Lane’s court-appointed attorney, Dan Silverstein, agreed and urged Bixler to keep the cases separated. He argued vehemently against combining the two cases and for the indictments against his client to be dismissed. Bixler denied the motion for dismissal.

In response to the state’s motion seeking the death penalty against Lane, Silverstein argued further that Nevada’s death penalty statutes are unconstitutional.

Bixler said any argument at that level needed to presented to a higher authority and declined to strike the death penalty from the case.

“I’m not going to declare the death penalty in Nevada unconstitutional,” Bixler said.

With the motions to strike the death penalty and dismiss the indictments denied, the room of seasoned attorneys moved on to arguments about what Bixler called the “real thorny issue” of consolidation.

Chief Deputy District Attorney Robert Daskas cited issues of crossover evidence in urging the court to use its discretion to join the charges.

“In the 15 years I’ve been doing these cases, I would submit there haven’t been crimes more closely linked,” Daskas told Bixler. “Witnesses cannot describe one case without describing the other.”

Furthermore, he said, the investigations into both crimes overlapped.

“It is impossible to unravel these two cases; it can’t be done,” he said, adding that in his opinion, denying the motion for consolidation would be “inviting for a mistrial.”

Silverstein warned that combining the two cases would be unfairly prejudicial against his client.

“The state wants to show Mr. Lane has a propensity to commit violent acts. That is why they want these cases tried together,” Silverstein said. “They want to make it more likely that the jury will convict on one of the charges because of the other.”

Although Bixler declined to rule immediately on the arguments, he told the attorneys he was concerned about jurors being able to reach a decision if some facts were omitted for the sake of keeping two cases separate.

“How do you present the evidence of either of these crimes and black out any mention of the other matter in a way that makes any kind of sense to a fact-finder?” he said. “How do you address his confession when he... basically explains both crimes at the same time?”

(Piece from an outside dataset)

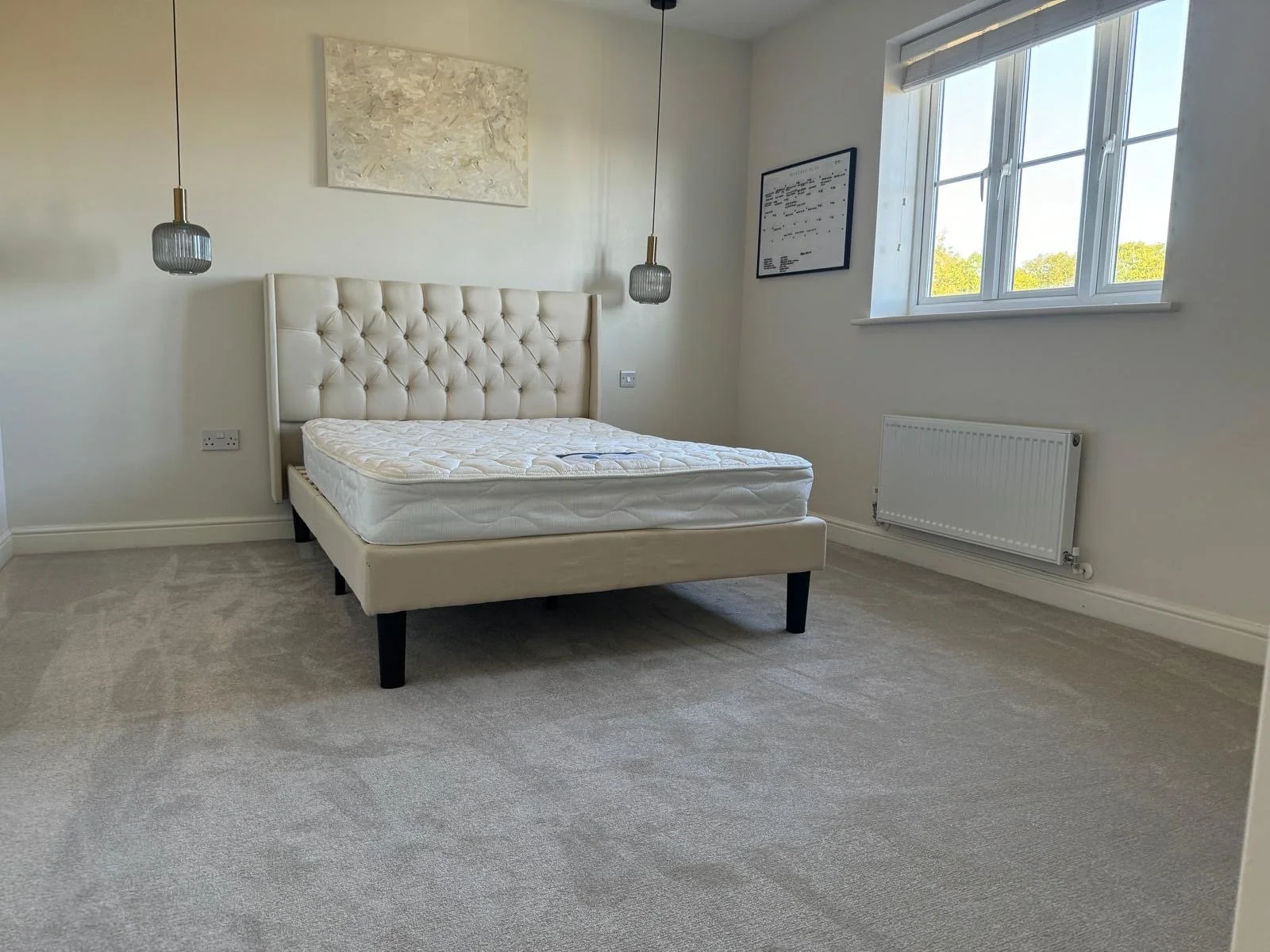 Empty bedroom with a large window, cream-colored carpet, a white tufted bed, two hanging pendant lights, and a white radiator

Silverstein said the state wanted to use the arguably stronger case involving Candela’s murder to bolster their evidence in the attempted murder case. He said there was no part of Lane’s conversation with police in which he offers evidence of intent in the attempted murder of the transsexual.

Daskas said the cases are so closely linked it would be impossible try them separately.

“The defendant had sex with his attempt murder victim in his murder victim’s bed while she was cut in half in a garbage can yards away in the garage,” Daskas said. “He ran over his attempt murder victim with his murder victim’s car. These cannot, cannot be separated, and an attempt to do so is inviting a mistrial in both cases.”

Bixler said he intended to review all the case law supplied to him by the attorneys in their arguments before he reached a decision.

Lane is next due in court March 25. He is being held without bail in Clark County Detention Center.